Excuses come to mind…. I’m not a prude. It was an honest mistake. He felt really, really bad. And then I marvel at my eagerness to explain his behavior away. It must, after all, be my fault. Part of me still believes this. What wretched girlfriend would so mindlessly mislead her man and cause him the pain of embarrassment? My neck aside, curse the woman who would ever wound a man’s pride. And, to be honest, I’ve kept my mouth shut through worse.
Fear came knocking next on the indigo latch door of a hut in rural New Zealand where was I staying during a 3-month solo backpacking trip. The pillow from which I awoke daily to falling guava pits now accommodated two heads. Months had passed in the span of days, and I reluctantly welcomed an unlikely companion into my fairy house. I had vacillated between disgust and intrigue. His eager, forward advances, flowers on my door, accentuated brushes past one another in the kitchen. The whole seduction at once nauseated and thrilled me.
In truth, I saw it coming. The festive air of night, the dancing, the liquor, my own brilliant and sensual self-awareness. When I finally closed the door of my little hut, I knew it wouldn’t stay shut for long. He came to me like a fugitive, calling gently at first, then stealing in eagerly.
Events spiraled in a wild, painful frenzy. I lost my footing on some astral ledge and slipped through the next minutes in terrifying confusion, trying to keep up. He didn’t notice. He did exactly what he had come to the fairy hut to do. For a sliver of time I existed only as an enveloping cosmic hole. A vessel into which the frantic lover might dump all his longing, his rage, his memories, his guilt, his sensitivity, his insecurity and his hunger. And it was my responsibility to let him do so.
I lay still for a moment, used up. In the past I might have turned to my side and fallen numbly asleep. But rage slowly devoured me. I sat up and faced him, as I had never done a sweetheart before. Words fell like poison from my dry mouth: How dare you? You miserable, pathetic excuse of a man. How dare you abuse me in this way. His shame sickened me. The panic in his eyes, the clammy palms, the hasty retreat.
The crisp night was a welcome relief from my hut, once so lovely and solitary and girlish. My arms laden with sheets, at least I was free. Back to sweet solitude. Back to the night and me. Who knew what the morning would bring? But for the next few dark hours I was free in my fiery, impassioned rage. Free and fierce and licking my own wounds.
In the end, I wasn’t pregnant. But there also wasn’t any blood for the rest of the summer. And my body didn’t feel like my own for nearly a year after the fact. At least it would never be his again. We agreed to forget the night. As though I could forget, as though I would want to forget. How, after all, could I then raise my future daughters to know the power they hold within their bodies, and the great and terrible responsibility it is to be a woman?

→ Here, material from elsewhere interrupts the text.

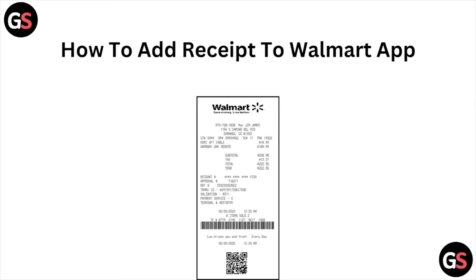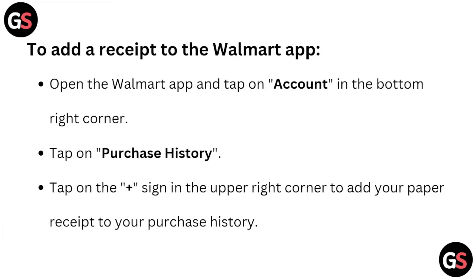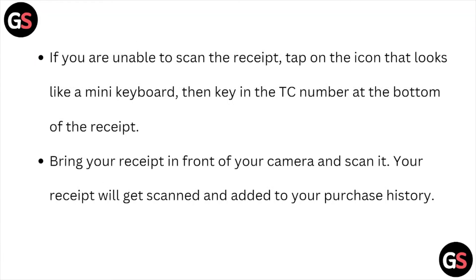Welcome back to the YouTube channel. In this video, we'll see how to add a receipt to the Walmart application. To add a receipt to the Walmart app, open the Walmart app and tap on the account in the bottom right corner. Tap on the purchase history, then tap on the plus icon in the upper right corner to add your paper receipt to your purchase history.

That night will always exist in my archives. And the fear I have tasted, the rage and shame, too. Sixteen and twenty are fond memories, but I would shrink from visiting those eras again. That girl has mountains and friends and new ideas to comfort her now. She knows that her mind and her beauty and her soul are nothing short of holy, and should be treated as such.
By sharing our memories with the intent to inspire and not to frighten, the girls of our past selves and of the future heal and reclaim their power. After all, there is so much to look forward to. The air is still sweet and fresh after dark, and I still welcome the hope of new love. Somewhere beyond the moss and vines, true freedom awaits. And it will find a fierce, warm, and intoxicating home in my arms.